Naming Contest: Prototype Desktop Supercomputer Needs a Name
A prototype of what may be the next generation of personal computers has been developed by researchers in the University of Maryland’s A. James Clark School of Engineering. Capable of computing speeds 100 times faster than current desktops, the technology is based on parallel processing on a single chip. Parallel processing is an approach that allows the computer to perform many different tasks simultaneously, a sharp contrast to the serial approach employed by
conventional desktop computers. The prototype developed by Uzi Vishkin and his Clark School colleagues uses a circuit board about the size of a license plate on which they have mounted 64 parallel processors. To control those processors, they have developed the crucial parallel computer organization that allows the processors to work together and make programming practical and simple for software developers. Parallel processing on a massive scale, based on interconnecting numerous chips, has been used for years to create supercomputers. However, its application to desktop systems has been a challenge because of severe programming complexities. The Clark School team found a way to use single chip parallel processing technology to change that. Vishkin, a professor in the Clark School’s electrical and computer engineering department and the university’s Institute for Advanced Computer Studies, explains the advantage of parallel processing like this: “Suppose you hire one person to clean your home, and it takes five hours, or 300 minutes, for the person to perform each task, one after the other,” Vishkin said. “That’s analogous to the current serial processing method. Now imagine that you have 100 cleaning people who can work on your home at the same time!

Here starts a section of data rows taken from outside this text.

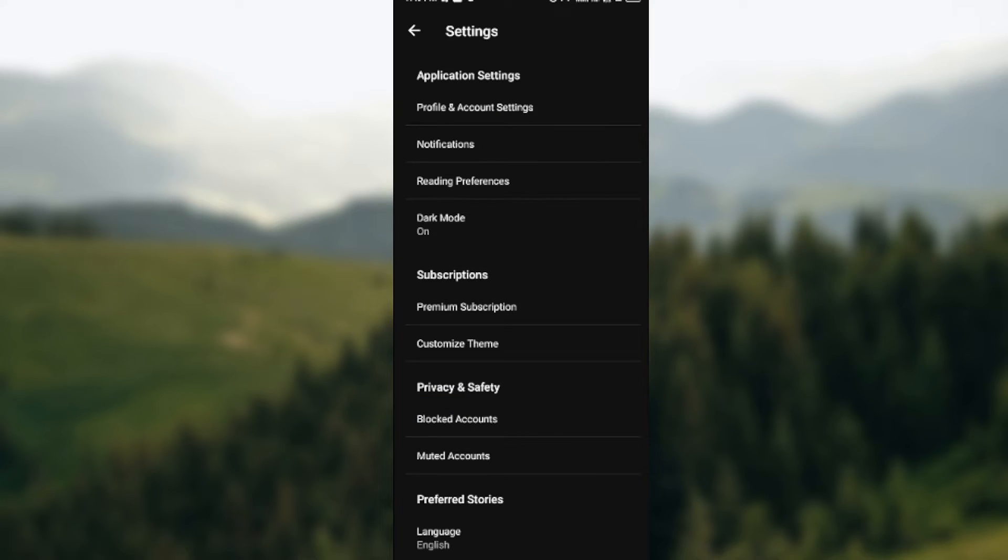Once you've done that, you would select Reading Preferences, which is the third option under Application Settings.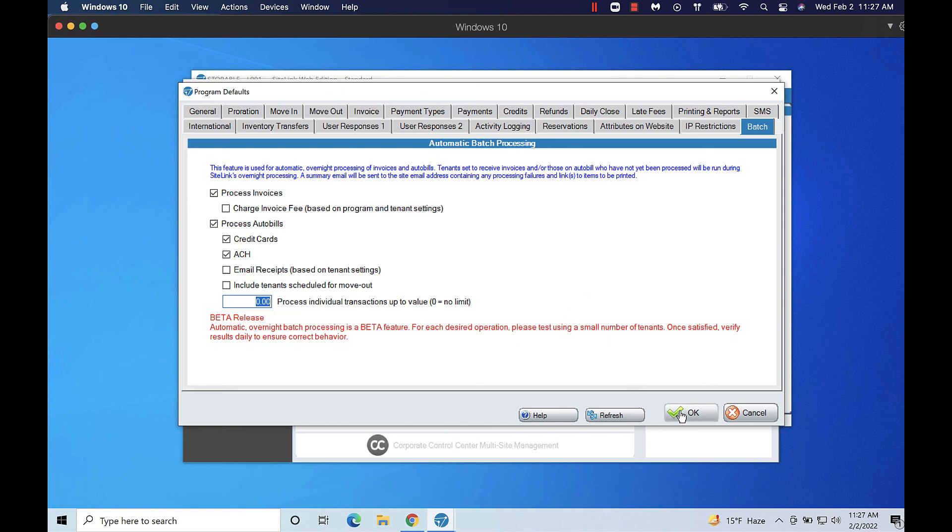You will receive a summary email after processing has been completed to let you know if any payments have failed.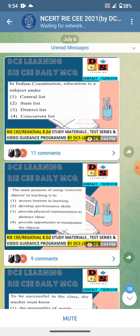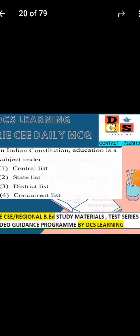So the question is: in the Indian constitution, education is a subject under which list? Central list, state list, district list, or concurrent list?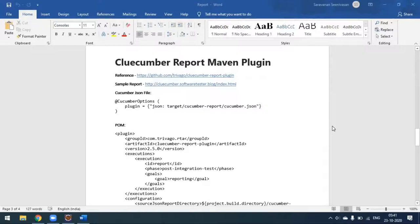Today we'll see how to generate the Cluecumber report Maven plugin for our Cucumber project. In earlier videos we have seen Cucumber reporting, Extent report, and Cucumber Maven reporting. This time we will discuss about the Cluecumber report Maven plugin for a Cucumber project.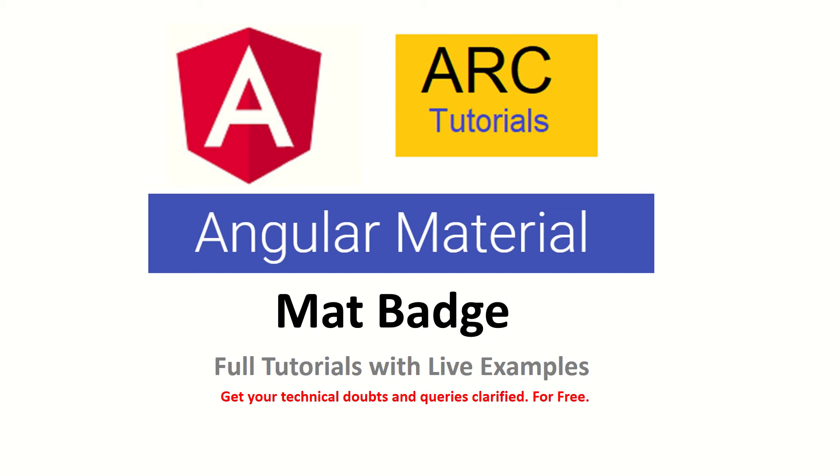Hi friends, welcome back to ARC Tutorials. We are continuing with our Angular Material full tutorial series with live examples. In today's episode, we will learn about Angular Material Badge.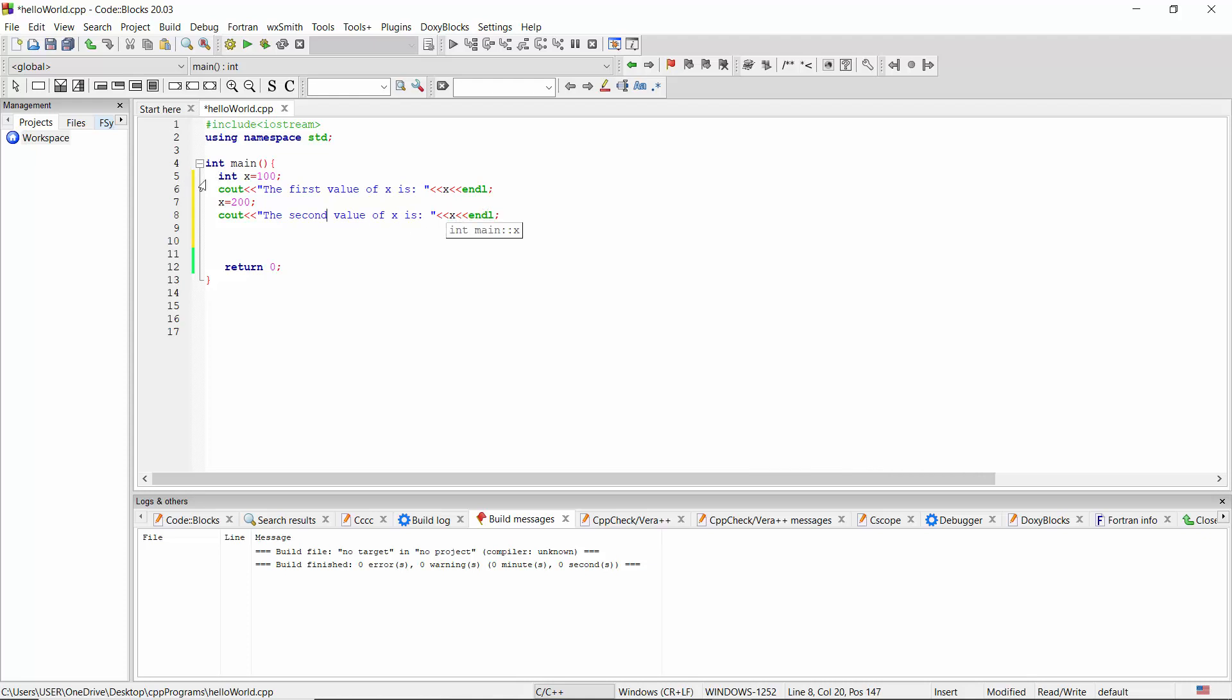Line number 5, I have declared and initialized the variable int X equal 100, and then line number 6, I have printed the value of X. Line number 7, I have assigned 200 to the same variable which we created at line number 5. Line number 8, I'm going to print the value of X again.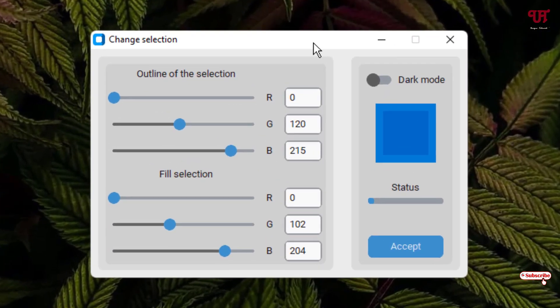You can see the user interface of this software — it's very straightforward. You can see the default values of the selection highlight color. Kindly note these default values, or take a screenshot, since this software does not have any reset option. Make sure to save them before making changes.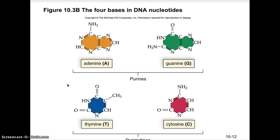The 4 nucleotides in DNA are adenine and guanine — which are called purines — and cytosine and thymine — which are called pyrimidines (p-y-r-i-m-i-d-i-n-e-s).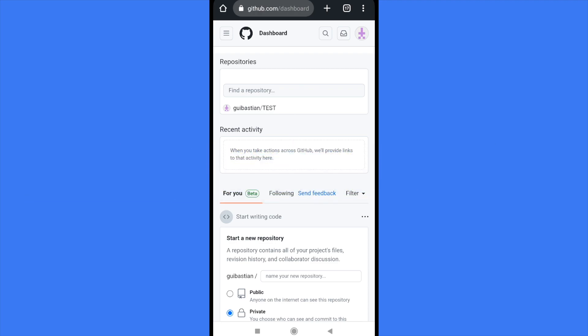In this video you're going to learn how to copy the link of your profile in GitHub. Please watch till the end to properly understand the tutorial, and don't forget in the description of the video you're going to find the sign up links and website link of GitHub.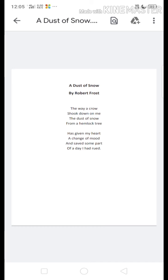A crow is standing on the hemlock tree. When the crow moves, the dust of snow falls on the poet. So basically this is described as dust of snow — the dust of snow goes on the poet because the crow moves from its movements on the tree.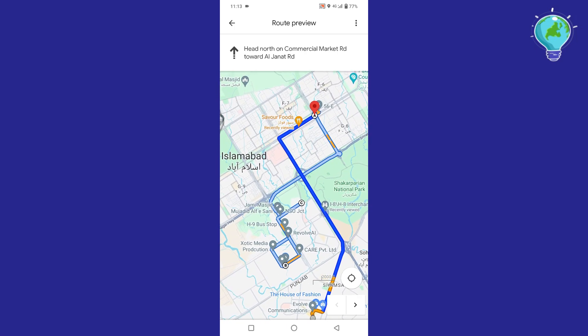You can add as many stops as you want, but they should be aligned near your location. This makes your map easier to understand and follow.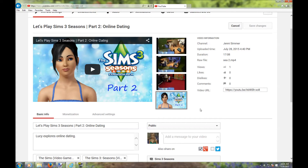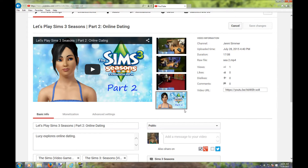Good day! I am Jenny Simmer here with my first tips video. In this video I will show you what to do if you are trying to upload your custom thumbnail and it's the right size but it's not uploading. So I'll show you very quickly what to do.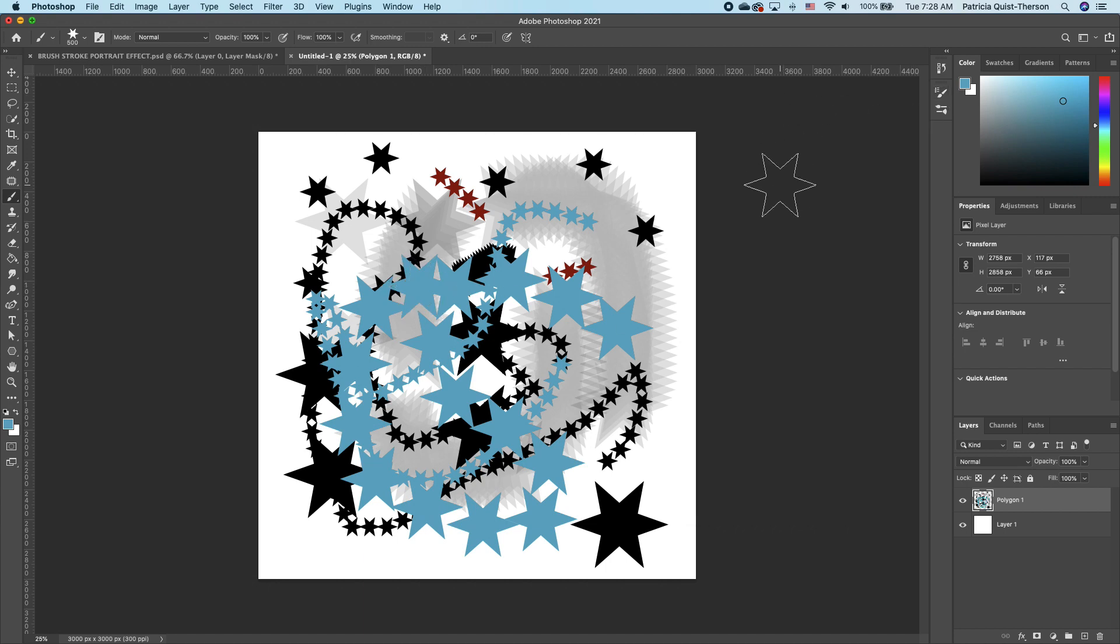So guys, this is a quick tutorial on how to create your own custom shape. Please give this video a thumbs up. Bye y'all.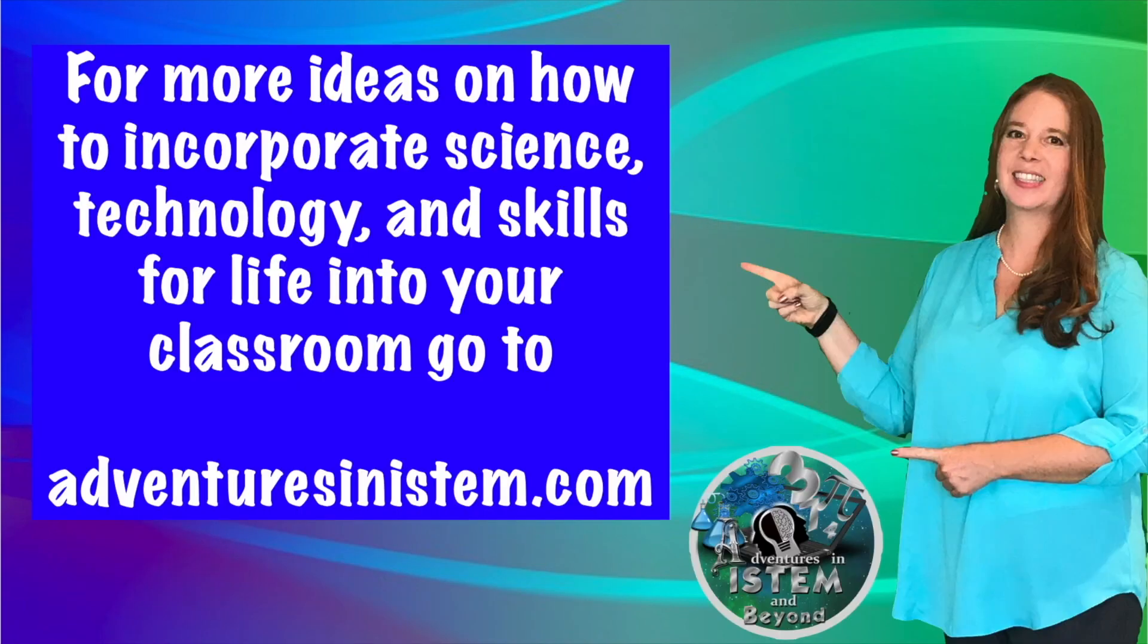For more ideas on how to incorporate science, technology, and skills for life into your classroom, go to Adventuresin iStem.com.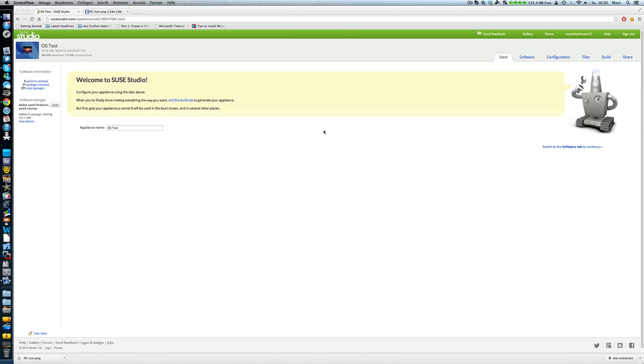Hello guys and welcome to another video. In this video I'd like to show you this awesome website my teacher showed me. This is totally awesome. You can make your own SUSE operating system.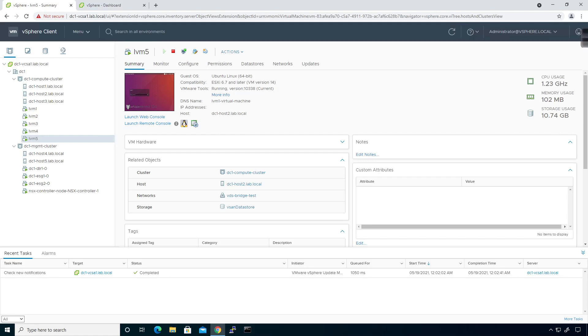One feature that comes into play that you may need to be aware of, especially in a migration scenario where you're trying to migrate from one deployment option to another, is the option of bridging. Bridging is the concept of taking traffic from the distributed port group.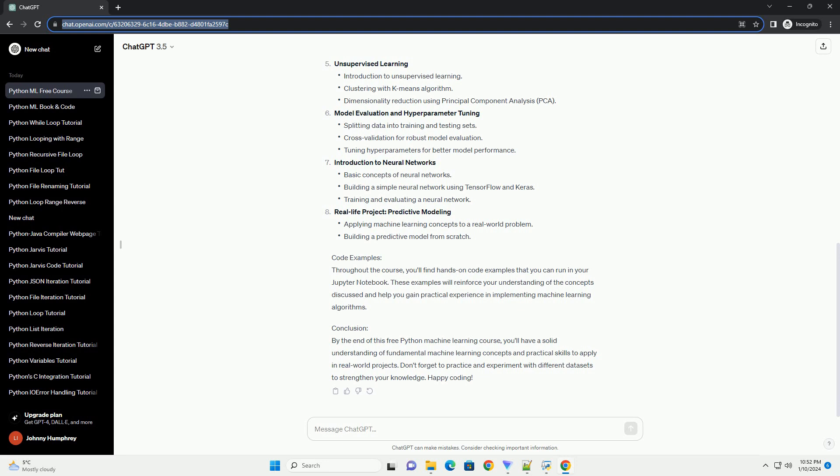Conclusion: By the end of this free Python machine learning course, you'll have a solid understanding of fundamental machine learning concepts and practical skills to apply in real-world projects. Don't forget to practice and experiment with different datasets to strengthen your knowledge. Happy coding!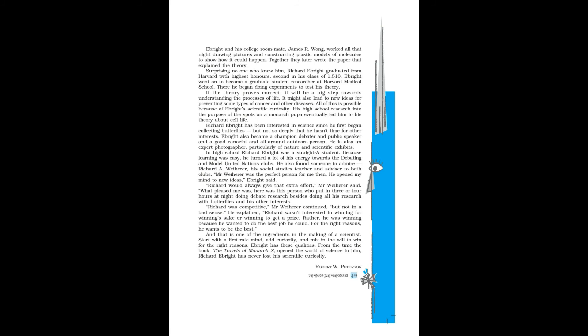He wants to be the best, and that is one of the ingredients in the making of a scientist. Start with a first-rate mind, add curiosity, and mix in the will to win for the right reasons. Ebright has these qualities. From the time the book The Travels of Monarch X opened the world of science to him, Richard Ebright has never lost his scientific curiosity. By Robert W. Peterson.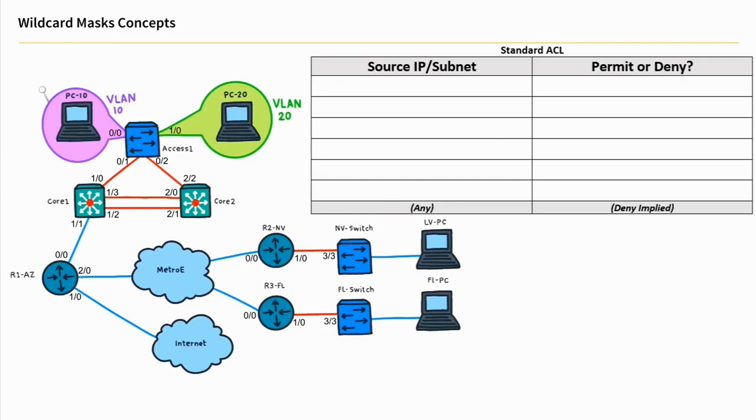So let's use the same topology again. Here's our Arizona location, here's VLAN 10, and its IP addressing space is 10.16.0.0 with a 24-bit mask.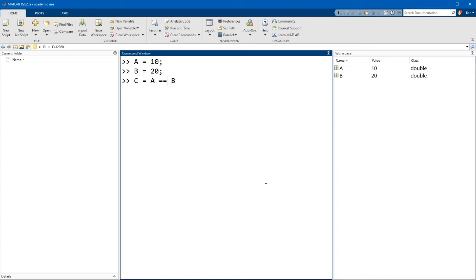I can say a equals equals b. Now remember that the comparison operator is the equals equals sign. It's not the single equals sign because that is the assignment operator. That assigns the value of a variable.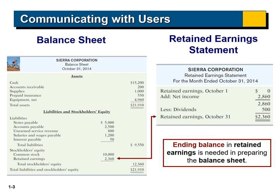The retained earnings ending previously calculated was $2,360, so total stockholders' equity is $10,000 plus $2,360, which equals $12,360. Adding total liabilities of $9,550 to total stockholders' equity of $12,360 gives total liabilities and stockholders' equity of $21,910. We can confirm that total assets equal total liabilities and stockholders' equity — both are $21,910, proving the accounting equation.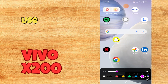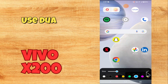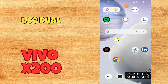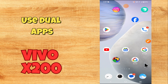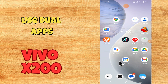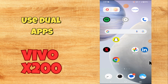Hey everyone, in this tutorial I will tell you how to fix used dual apps and clone applications in Vivo X200. Before moving to this video, please subscribe for more videos, watch the complete video, and also press the bell icon. Now let's start our video without wasting any time.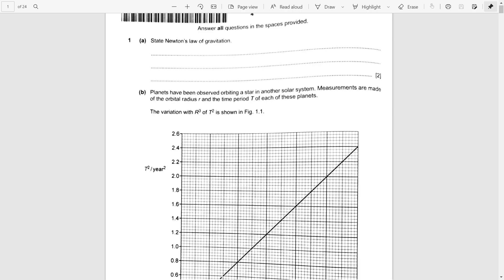This is a February 2021 paper — a recent paper you don't get if you search on the internet; it's not available. According to my evaluations, in this year an average student can score above 70 marks on this paper. Let's see what is there in the questions.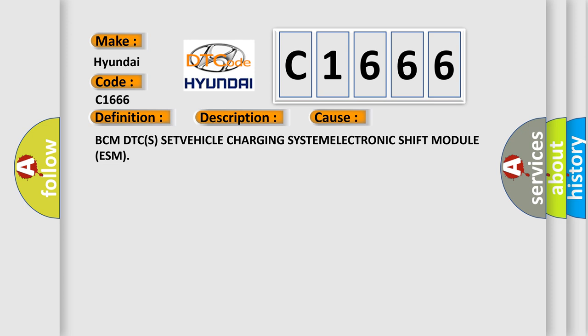This diagnostic error occurs most often in these cases: BCM DTC(S) SET VEHICLE CHARGING SYSTEM ELECTRONIC Shift Module (ESM).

That’s the parallel processing method. “The ‘software’ challenge is: Can you manage all the different tasks and workers so that the job is completed in three minutes instead of 300?” Vishkin continued. “Our algorithms make that feasible for general-purpose computing tasks for the first time.” Vishkin and his team are now demonstrating their technology, which in future devices could include 1,000 processors on a chip the size of a finger nail, to government and industry groups. To show how easy it is to program, Vishkin is also providing access to the prototype to students at Montgomery Blair High School in Montgomery County, MD.